North Carolina Gov. Pat McCrory (R) delivered an extensive defense of the state’s controversial new voter identification law on Monday. After slamming the Department of Justice’s lawsuit against North Carolina as politically motivated and “without merit,” McCrory argued in a speech at The Heritage Foundation that the law actually helps to get “the politics out of early voting” and generally represses voter fraud and malpractice. “But you know, we require a voter ID to get a tattoo, to get Sudafed, to get food stamps, to get on an airplane — to get almost any government service in North Carolina right now you have to have an ID,” McCrory said. McCrory went on to note that the new law includes a provision that provides a “free ID” voter voters throughout the state.
“And our legislation is actually offering free IDs and the first election in which you have to have this ID in place is the 2016 election so people still have time to get an ID,” McCrory continued. “And by the way we still have early voting and voting by mail, which you can do early voting, which you don’t even need an ID on so someone can do it from a nursing home through the mail at this point in time.

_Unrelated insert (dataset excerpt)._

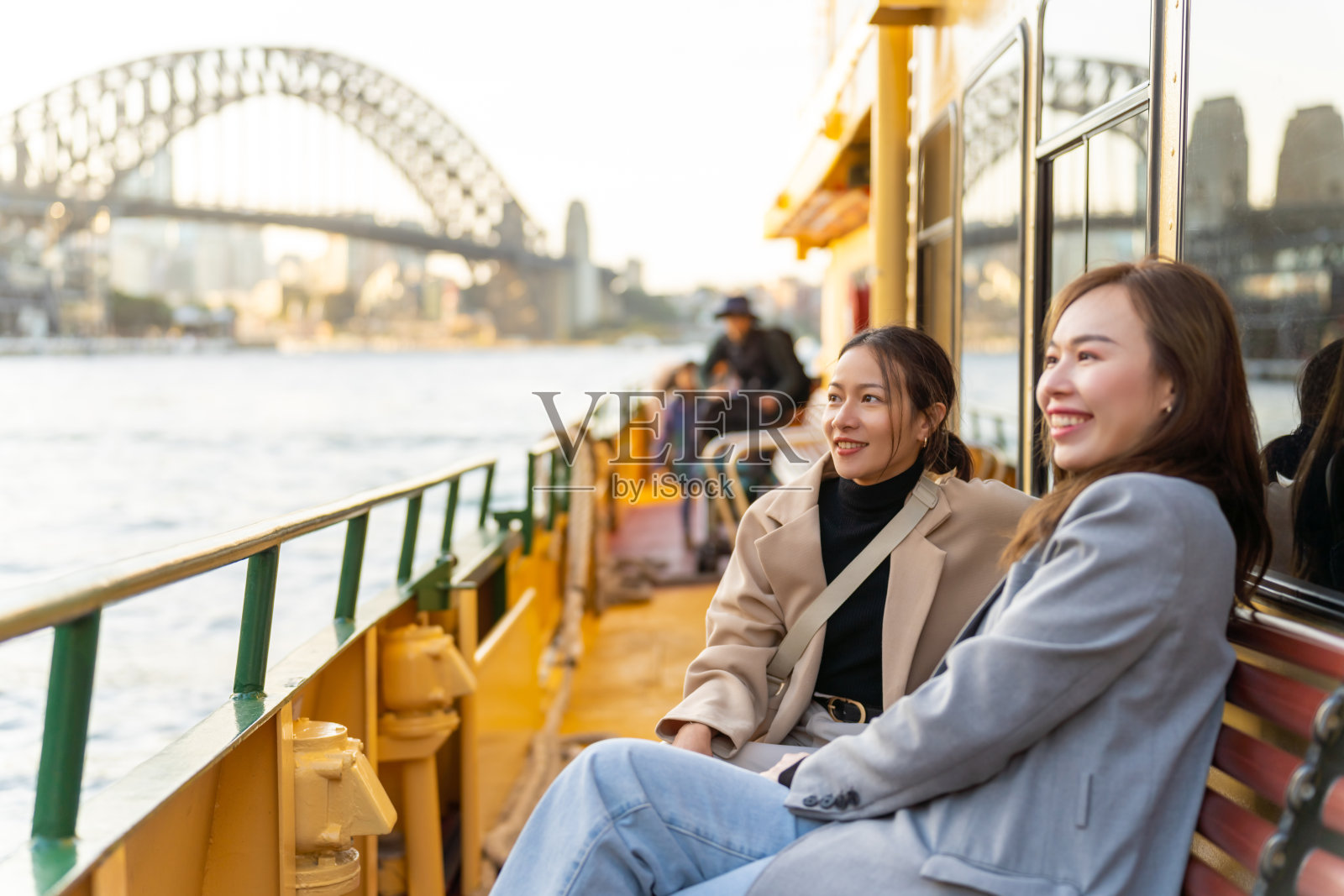亚洲女性朋友乘坐渡轮穿越澳大利亚悉尼港。照片摄影图片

So I think our voting ID law by the national media and yes even by some of our local media in North Carolina has been greatly exaggerated and it’s commonsense reform which protects the integrity of our ballot box.”
“We have even more transparency in our voting rules where now we actually are prohibiting lobbyists from bundling money which you were allowed to do in the past to be the bundlers of money,” McCrory said. “And we have stricter rule for lobbyists,” pointing to a portion of the law that forbids lobbyists from collecting checks from one or more donors and delivering them to state-level candidates.
In essence, McCrory’s comments were a preview of the case North Carolina plans to make in defending the new law against the Justice Department lawsuit.